__Records excerpted from a collection__
------------------------------

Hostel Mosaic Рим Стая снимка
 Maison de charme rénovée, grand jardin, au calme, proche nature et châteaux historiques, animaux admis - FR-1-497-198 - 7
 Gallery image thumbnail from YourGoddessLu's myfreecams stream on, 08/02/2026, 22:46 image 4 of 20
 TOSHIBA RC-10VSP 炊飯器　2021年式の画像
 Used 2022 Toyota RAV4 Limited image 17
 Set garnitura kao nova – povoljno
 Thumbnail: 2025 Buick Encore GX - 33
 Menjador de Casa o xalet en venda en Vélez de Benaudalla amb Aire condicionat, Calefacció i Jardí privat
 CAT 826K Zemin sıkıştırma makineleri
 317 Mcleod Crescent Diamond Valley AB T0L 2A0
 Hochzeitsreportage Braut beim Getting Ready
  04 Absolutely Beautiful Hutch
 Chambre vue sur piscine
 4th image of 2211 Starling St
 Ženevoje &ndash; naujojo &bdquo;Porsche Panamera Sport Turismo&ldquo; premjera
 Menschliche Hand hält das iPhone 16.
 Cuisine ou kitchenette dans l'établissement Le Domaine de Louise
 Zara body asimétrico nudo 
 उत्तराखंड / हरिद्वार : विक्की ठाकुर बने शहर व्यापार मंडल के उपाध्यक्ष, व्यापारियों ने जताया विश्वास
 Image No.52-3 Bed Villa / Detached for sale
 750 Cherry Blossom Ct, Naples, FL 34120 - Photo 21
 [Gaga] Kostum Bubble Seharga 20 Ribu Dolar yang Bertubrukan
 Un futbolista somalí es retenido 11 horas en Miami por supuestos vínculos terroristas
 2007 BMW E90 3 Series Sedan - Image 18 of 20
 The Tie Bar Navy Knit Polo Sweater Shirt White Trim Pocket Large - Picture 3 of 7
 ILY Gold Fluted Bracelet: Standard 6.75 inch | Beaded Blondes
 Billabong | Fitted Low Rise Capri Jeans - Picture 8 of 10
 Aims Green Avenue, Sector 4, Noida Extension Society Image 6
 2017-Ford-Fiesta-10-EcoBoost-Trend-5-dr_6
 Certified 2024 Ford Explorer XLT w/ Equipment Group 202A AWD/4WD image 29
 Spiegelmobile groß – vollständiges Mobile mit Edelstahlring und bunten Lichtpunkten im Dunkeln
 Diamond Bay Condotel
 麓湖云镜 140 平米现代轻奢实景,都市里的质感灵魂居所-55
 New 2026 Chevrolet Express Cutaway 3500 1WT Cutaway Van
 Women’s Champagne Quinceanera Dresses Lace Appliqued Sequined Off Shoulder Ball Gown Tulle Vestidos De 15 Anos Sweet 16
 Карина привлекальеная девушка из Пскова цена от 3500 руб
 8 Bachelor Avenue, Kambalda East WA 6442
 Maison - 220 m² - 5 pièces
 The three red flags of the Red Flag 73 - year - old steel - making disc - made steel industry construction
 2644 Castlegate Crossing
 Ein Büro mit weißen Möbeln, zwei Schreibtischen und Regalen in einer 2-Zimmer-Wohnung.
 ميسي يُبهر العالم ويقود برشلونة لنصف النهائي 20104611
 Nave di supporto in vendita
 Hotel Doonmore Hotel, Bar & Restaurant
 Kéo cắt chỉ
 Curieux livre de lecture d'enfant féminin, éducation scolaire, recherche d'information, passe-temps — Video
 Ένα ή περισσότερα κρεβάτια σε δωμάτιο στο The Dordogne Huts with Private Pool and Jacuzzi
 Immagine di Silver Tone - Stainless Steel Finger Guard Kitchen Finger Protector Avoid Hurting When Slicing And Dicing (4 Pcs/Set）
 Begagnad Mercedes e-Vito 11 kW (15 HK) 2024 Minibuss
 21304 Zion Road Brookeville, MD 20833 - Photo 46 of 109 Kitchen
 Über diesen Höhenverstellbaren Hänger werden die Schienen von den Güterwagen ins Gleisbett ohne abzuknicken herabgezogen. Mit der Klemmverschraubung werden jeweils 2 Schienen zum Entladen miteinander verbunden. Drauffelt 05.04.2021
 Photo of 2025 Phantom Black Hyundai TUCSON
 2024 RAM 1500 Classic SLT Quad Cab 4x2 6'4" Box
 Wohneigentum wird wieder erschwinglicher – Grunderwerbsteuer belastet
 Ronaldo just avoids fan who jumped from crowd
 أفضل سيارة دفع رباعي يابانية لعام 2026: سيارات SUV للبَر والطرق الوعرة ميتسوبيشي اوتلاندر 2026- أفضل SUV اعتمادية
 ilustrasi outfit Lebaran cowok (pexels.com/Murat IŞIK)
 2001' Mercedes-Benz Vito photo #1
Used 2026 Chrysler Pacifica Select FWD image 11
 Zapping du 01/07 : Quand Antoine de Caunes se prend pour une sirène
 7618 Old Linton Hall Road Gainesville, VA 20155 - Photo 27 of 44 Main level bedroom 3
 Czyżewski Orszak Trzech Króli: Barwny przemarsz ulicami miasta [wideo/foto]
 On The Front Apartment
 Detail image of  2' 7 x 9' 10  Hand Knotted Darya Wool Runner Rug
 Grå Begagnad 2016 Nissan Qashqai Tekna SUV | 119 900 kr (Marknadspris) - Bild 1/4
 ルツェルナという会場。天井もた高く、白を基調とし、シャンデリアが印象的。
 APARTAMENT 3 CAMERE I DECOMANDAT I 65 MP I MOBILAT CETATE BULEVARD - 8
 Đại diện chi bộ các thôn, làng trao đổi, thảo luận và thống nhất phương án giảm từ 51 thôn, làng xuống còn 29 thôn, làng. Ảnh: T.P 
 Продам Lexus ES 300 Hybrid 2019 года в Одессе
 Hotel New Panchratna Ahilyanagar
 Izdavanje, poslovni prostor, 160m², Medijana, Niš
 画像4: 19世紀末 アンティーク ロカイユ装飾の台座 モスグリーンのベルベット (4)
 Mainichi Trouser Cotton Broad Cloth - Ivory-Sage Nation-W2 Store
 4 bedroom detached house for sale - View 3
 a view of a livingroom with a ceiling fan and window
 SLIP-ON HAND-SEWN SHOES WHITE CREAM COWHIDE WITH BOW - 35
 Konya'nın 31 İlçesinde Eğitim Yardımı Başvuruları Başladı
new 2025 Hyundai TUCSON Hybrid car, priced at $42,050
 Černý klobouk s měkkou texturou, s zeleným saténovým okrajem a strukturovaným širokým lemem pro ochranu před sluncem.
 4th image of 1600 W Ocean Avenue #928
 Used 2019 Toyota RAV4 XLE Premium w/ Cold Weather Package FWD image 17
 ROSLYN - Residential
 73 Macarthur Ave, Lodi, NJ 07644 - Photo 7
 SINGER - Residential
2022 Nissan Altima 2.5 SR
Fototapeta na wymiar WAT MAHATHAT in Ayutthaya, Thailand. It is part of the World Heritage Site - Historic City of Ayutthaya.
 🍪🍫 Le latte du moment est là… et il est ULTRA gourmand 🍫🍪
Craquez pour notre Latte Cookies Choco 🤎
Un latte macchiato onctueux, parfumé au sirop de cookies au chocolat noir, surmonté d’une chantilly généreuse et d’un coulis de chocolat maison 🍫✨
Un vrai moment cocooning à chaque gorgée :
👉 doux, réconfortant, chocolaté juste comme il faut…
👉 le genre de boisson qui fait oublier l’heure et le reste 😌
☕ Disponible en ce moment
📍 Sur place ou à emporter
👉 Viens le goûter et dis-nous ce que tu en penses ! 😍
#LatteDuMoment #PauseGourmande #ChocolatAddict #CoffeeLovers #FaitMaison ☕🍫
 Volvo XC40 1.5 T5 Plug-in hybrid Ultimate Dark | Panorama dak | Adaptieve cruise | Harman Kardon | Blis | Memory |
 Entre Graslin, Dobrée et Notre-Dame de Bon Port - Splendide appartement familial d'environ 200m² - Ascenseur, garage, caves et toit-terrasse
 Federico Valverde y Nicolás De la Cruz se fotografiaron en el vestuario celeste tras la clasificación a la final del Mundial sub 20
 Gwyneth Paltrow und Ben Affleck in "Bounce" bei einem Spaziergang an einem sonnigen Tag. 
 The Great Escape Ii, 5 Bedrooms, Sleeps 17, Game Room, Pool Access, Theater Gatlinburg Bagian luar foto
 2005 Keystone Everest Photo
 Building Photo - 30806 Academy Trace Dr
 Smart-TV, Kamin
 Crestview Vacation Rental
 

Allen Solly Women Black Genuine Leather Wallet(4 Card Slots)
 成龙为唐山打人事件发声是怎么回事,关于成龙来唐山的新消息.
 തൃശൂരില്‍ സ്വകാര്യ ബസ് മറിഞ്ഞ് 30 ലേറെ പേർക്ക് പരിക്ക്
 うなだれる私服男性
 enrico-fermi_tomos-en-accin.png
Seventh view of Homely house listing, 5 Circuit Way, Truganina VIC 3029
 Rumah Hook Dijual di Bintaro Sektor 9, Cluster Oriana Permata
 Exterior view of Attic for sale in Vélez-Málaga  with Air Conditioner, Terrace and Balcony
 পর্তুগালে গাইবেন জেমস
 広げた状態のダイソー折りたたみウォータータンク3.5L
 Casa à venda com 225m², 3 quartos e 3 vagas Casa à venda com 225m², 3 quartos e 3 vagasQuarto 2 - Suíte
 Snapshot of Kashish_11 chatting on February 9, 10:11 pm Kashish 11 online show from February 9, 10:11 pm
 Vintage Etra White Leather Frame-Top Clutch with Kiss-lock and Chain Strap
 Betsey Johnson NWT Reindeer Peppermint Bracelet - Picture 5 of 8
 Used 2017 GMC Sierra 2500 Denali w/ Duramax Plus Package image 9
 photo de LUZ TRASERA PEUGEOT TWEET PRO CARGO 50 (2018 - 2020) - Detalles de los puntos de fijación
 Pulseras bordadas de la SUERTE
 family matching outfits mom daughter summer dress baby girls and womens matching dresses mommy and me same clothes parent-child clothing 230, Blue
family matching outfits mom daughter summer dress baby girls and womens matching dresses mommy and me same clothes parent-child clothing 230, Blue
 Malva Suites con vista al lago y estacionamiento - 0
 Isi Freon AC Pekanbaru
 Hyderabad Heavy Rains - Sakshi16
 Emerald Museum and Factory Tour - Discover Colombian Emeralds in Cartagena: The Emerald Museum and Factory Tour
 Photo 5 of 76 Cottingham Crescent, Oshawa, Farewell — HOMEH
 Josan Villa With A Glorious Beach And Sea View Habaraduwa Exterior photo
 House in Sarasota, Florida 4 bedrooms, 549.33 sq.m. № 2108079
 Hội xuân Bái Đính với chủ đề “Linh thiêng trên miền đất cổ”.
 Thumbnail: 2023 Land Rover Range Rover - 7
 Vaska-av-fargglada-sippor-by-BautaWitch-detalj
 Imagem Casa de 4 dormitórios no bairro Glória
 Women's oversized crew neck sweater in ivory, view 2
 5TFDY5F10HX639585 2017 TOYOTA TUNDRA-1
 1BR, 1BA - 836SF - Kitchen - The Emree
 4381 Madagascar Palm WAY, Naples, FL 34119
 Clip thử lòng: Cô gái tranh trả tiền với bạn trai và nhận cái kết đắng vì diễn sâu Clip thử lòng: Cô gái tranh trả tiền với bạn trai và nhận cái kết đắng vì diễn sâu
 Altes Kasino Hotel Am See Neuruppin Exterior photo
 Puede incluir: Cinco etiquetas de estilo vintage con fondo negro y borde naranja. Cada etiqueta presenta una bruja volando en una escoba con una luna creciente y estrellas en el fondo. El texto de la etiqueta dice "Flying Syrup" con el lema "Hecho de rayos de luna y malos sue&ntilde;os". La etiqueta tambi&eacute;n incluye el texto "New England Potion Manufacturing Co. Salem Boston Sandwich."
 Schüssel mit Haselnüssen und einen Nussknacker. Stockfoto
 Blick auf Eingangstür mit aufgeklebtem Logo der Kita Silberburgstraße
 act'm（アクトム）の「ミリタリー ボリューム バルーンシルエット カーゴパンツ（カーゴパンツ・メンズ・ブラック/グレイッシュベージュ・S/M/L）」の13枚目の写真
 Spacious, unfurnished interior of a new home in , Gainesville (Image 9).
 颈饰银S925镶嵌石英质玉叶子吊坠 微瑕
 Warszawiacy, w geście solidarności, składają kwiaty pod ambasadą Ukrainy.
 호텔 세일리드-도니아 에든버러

------------------------------

__WHAT TO WORK ON__
Please give again the lines above between the line holding "en ce moment" and the line holding "Federico Valverde y", inclusive, exactly as they are and with nothing added.

__TASK OUTPUT__
☕ Disponible en ce moment
📍 Sur place ou à emporter
👉 Viens le goûter et dis-nous ce que tu en penses ! 😍
#LatteDuMoment #PauseGourmande #ChocolatAddict #CoffeeLovers #FaitMaison ☕🍫
 Volvo XC40 1.5 T5 Plug-in hybrid Ultimate Dark | Panorama dak | Adaptieve cruise | Harman Kardon | Blis | Memory |
 Entre Graslin, Dobrée et Notre-Dame de Bon Port - Splendide appartement familial d'environ 200m² - Ascenseur, garage, caves et toit-terrasse
 Federico Valverde y Nicolás De la Cruz se fotografiaron en el vestuario celeste tras la clasificación a la final del Mundial sub 20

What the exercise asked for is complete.